はや2年半以上経ちました。時間はものすごい速さで駆け抜けていくようです。
で、じゃこ天食べに、ようやく行ってきました。
港乗り場のこういう光景は、なんとも旅情をそそりますね。
約2時間半の船旅でした。
宇和島に着きました。
海際なのに、早くも目の前に険しい山々が迫ってくる。そんな小さな平地の上に築かれているのが、宇和島の町です。小ぶりな町ですが、現存12天守のひとつ、宇和島城天守閣が今も睨みをきかせていることで、ありふれた地方都市とは異なる風情があります。

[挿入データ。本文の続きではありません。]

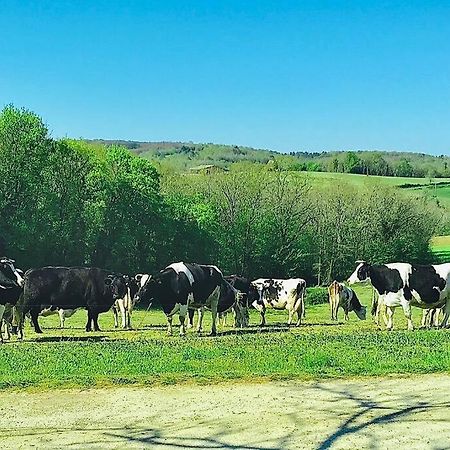 « Le Vieux Hangar » Gite A La Ferme Le Buisson-de-Cadouin Eksteriør billede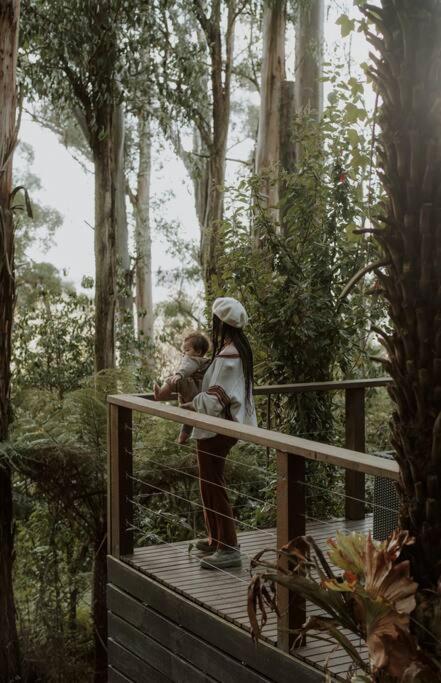 Forest Retreat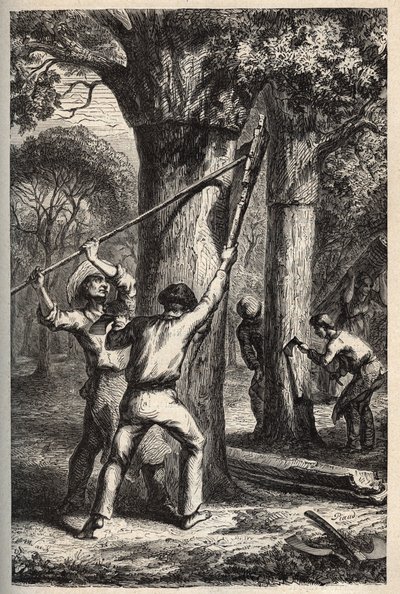 Colheita de cortiça na Quercus suber - Recolte de l
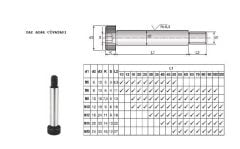 M16 x 20 x 60 Yay Ayar Civatası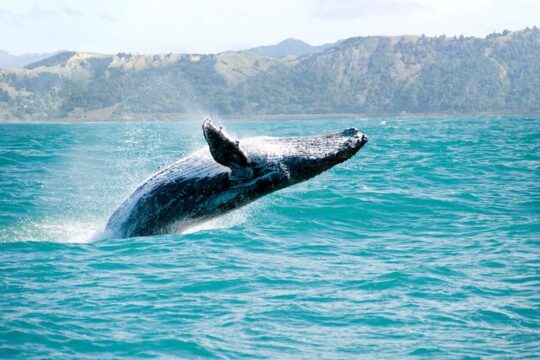 Whale Watching and Bacardi Island day trip from Punta Cana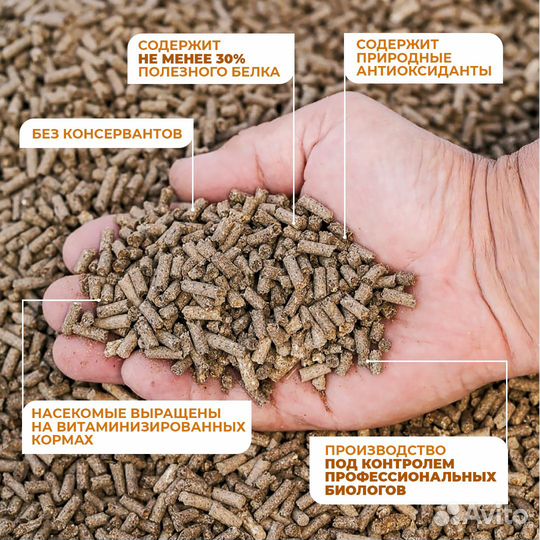 Белково-витаминная добавка для кур-несушек 1,5 кг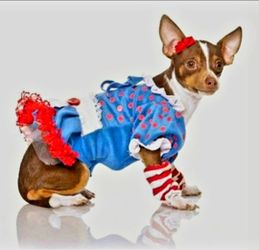 Rag Doll Dog Costume by Leg Avenue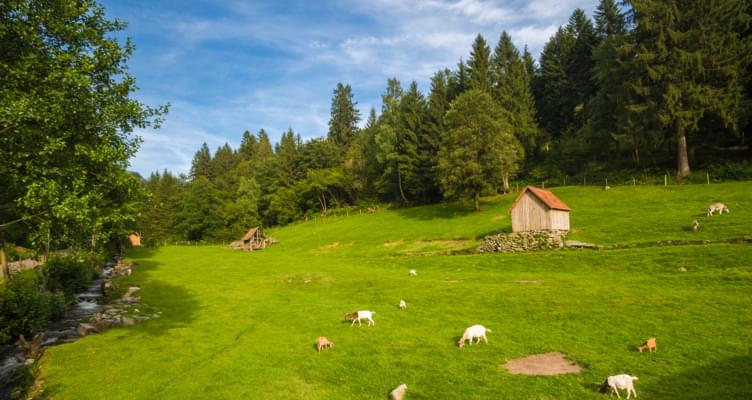 Mietwagen Spritztour Schwarzwald: Das idyllische Murgtal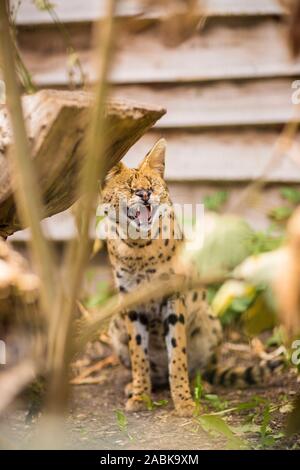 A Portrait of an angry Serval cat showing his teeth sitting on the ground surrounded by greenery and branches vertical. Black dotted beige brown big w Stock Photo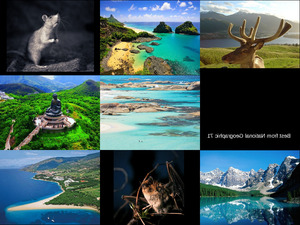 klicke hier, um die Datei herunterzuladen Best from National Geographic 71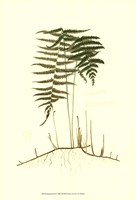 Spring Ferns III Fine Art Print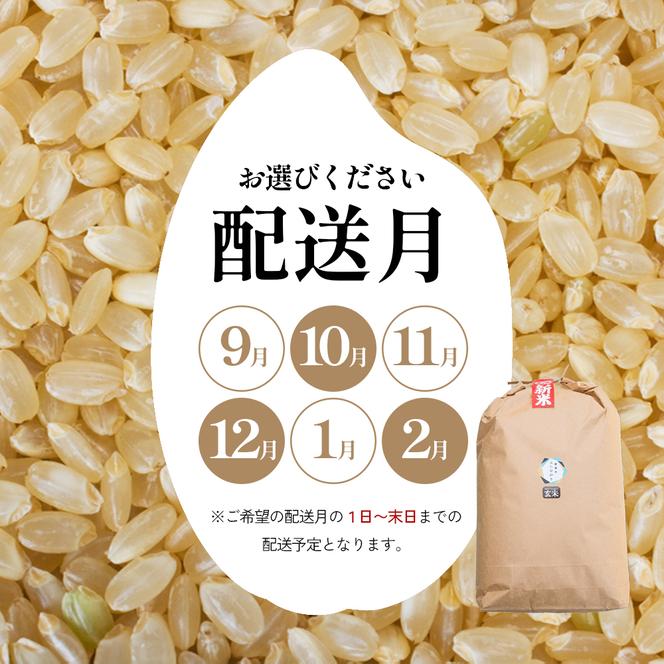 令和6年産 ふじもとファームの新米【コシヒカリ（玄米）10kg】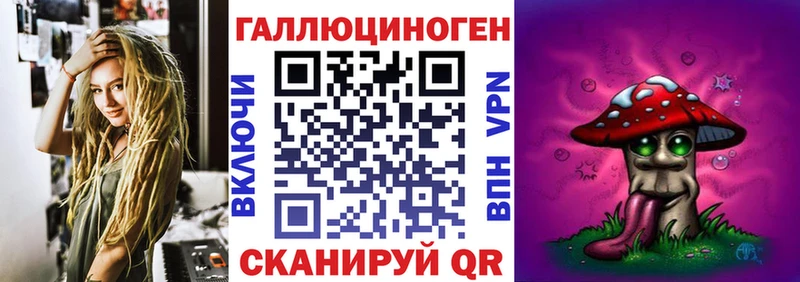 KRAKEN как войти  Кемерово  Псилоцибиновые грибы Psilocybe 
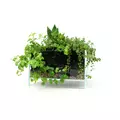 Akwarium Levitate Natural PURE [30x18x12cm]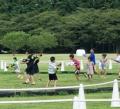 1万人以上来場する夏の風物詩「とうもろこし巨大utf-8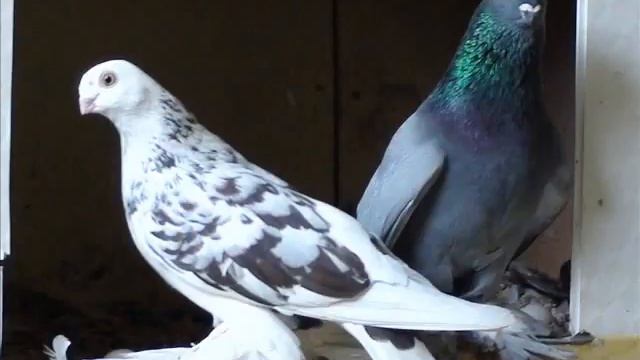 Моздокские голуби.wmv смотреть онлайн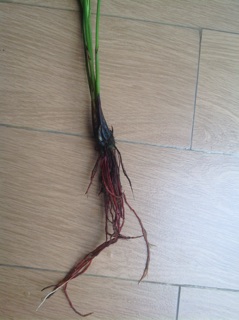 Cây thủy trúc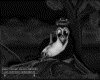 IMG114.IFF.gst.iff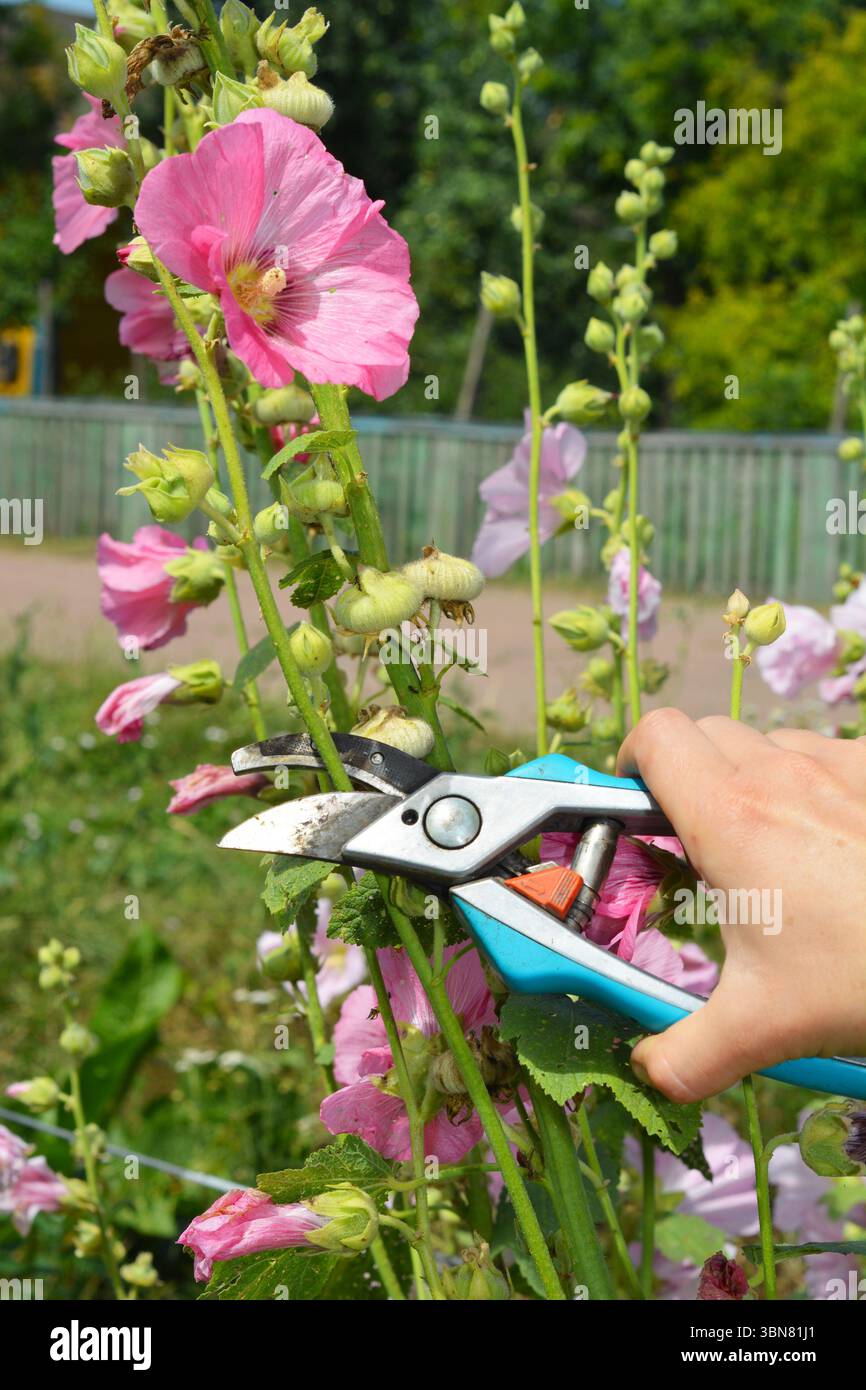 Potatura di Lavatera. Prugne da giardino Lavatera (malghe) in giardino. Foto Stock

町の空気が締まっている。城下町の程よい緊張感が、令和になっても残っているようです。
宇和島といえば、幕末四賢候のひとり伊達宗城(むねなり)が有名ですが、今回は宇和島伊達氏の初代、秀宗のことを思ってみました。
「伊達」といえば、東北。そもそも、なにゆえ四国のこんな隅っこに伊達が移ってきたの?調べてみると、予想した通り少々複雑な事情がありました。
宇和島伊達藩初代藩主の伊達秀宗は、かの独眼竜、伊達政宗の長男として生まれています。ただ、お母さんが側室だったので、カッコつきの長男。正室に男の子が生まれたら難しい立場になる。
それでもしばらくは、正室から男の子が生まれなかったことや、事実上の人質として預けられた豊臣秀吉にかわいがられたこともあって、伊達家の御曹司として大切に育てられます。秀宗の名も、秀吉からもらって付けたものです。
このままだったら、秀宗は本家・仙台伊達藩の第2代藩主として、何の問題もなく父政宗の跡を継いでいたでしょう。しかし、そうはならなかった。
まず正室に男の子が生まれます。さらには関ヶ原合戦を経て、政権が事実上徳川に移ります。秀吉の身近で薫陶を受け、名前までもらってベタベタの豊臣寄りとみなされた秀宗は、これでアウト。仙台藩は秀宗の弟が継ぎ、秀宗はただの厄介者になり果てました。
秀宗本人とすれば、自分の責任ではまったくないわけで、たまったもんじゃないですよね。
ただ、父政宗としても、難しかっただろうと思います。秀宗に難癖つけて「粛清」しても、何もしないでそのままにしておいても、どちらにしてもお家分裂の火種になる。そこで政宗は持ち前の政治力を発揮して、遠く四国に土地をもらって、そこに秀宗をすえた。歴史書などにどう書いてあるのか私は知りませんが、内実はそんなところだろうと考えられます。
天下にとどろく東北の雄藩を継いだ「弟」を、時代に翻弄された「兄」はどのような気持ちで眺めていたのか。穏やかな南予の気候が、秀宗の心をせめて少しでも軽いものにしてくれていたのなら、ちょっとだけ慰められるような思いがします。
努力がすべて報われるとは限らない。
思うようにならない人生を何とか生き抜いた人間の、あるひとつの典型として伊達秀宗をとらえるならば、後世が与えている秀宗の価値は、もう少し上にしてあげても良いような気がします。